Skip the pictures and restate, word for word, the lines from the one containing "Cream Brushed Woven" to the end of the data below.
━━ Data shown ━━
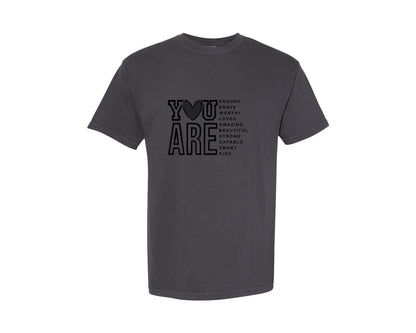 brand:Comfort Colors|color:Graphite|You Are Inspirational Self Love Graphic T-Shirt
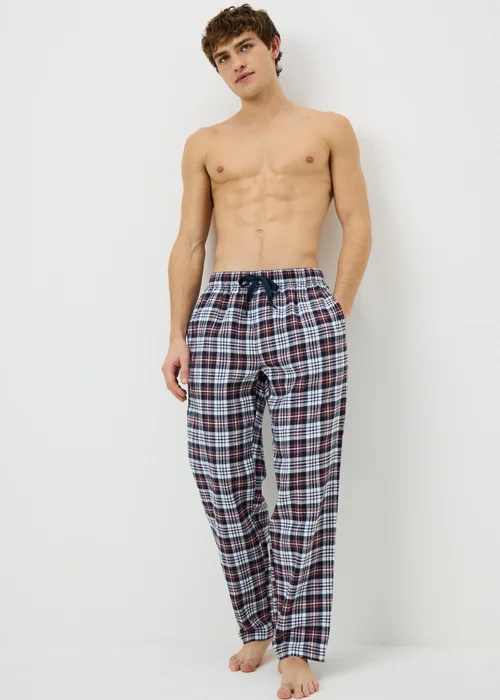 Cream Brushed Woven Check Pyjama Bottoms - Small Image 1
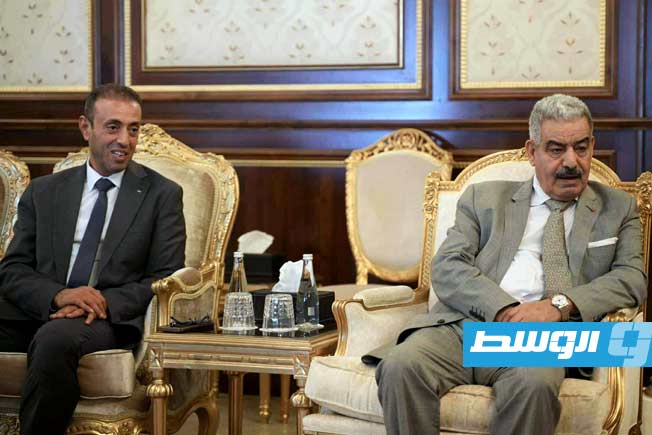 لقاء المنفي مع المبعوث الخاص للرئيس الفلسطيني المستشار عاطف عودة، الأحد 3 أغسطس 2025. (المجلس الرئاسي)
━━━
Solution to this task
 Cream Brushed Woven Check Pyjama Bottoms - Small Image 1
 لقاء المنفي مع المبعوث الخاص للرئيس الفلسطيني المستشار عاطف عودة، الأحد 3 أغسطس 2025. (المجلس الرئاسي)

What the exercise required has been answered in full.